Recorded data Start Marker

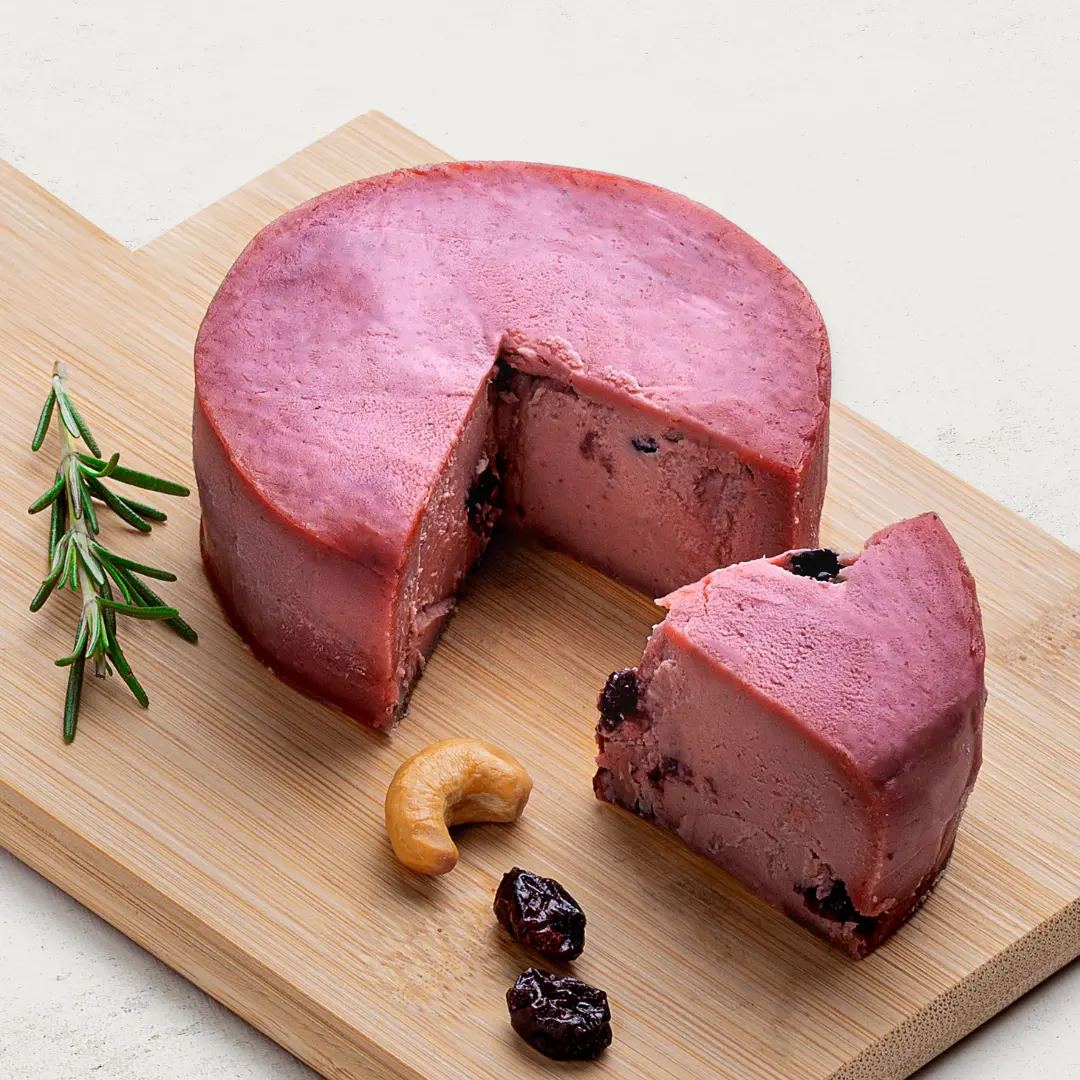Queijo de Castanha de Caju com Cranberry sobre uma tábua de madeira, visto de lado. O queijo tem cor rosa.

Recorded data End Marker
Recorded data Start Marker

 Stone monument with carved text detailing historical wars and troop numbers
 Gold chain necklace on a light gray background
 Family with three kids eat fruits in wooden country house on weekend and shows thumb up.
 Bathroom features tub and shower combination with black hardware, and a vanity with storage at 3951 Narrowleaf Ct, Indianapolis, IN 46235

Recorded data End Marker

Please filter the data down to the lines containing the word "with".

• **Completed task**
 Stone monument with carved text detailing historical wars and troop numbers
 Family with three kids eat fruits in wooden country house on weekend and shows thumb up.
 Bathroom features tub and shower combination with black hardware, and a vanity with storage at 3951 Narrowleaf Ct, Indianapolis, IN 46235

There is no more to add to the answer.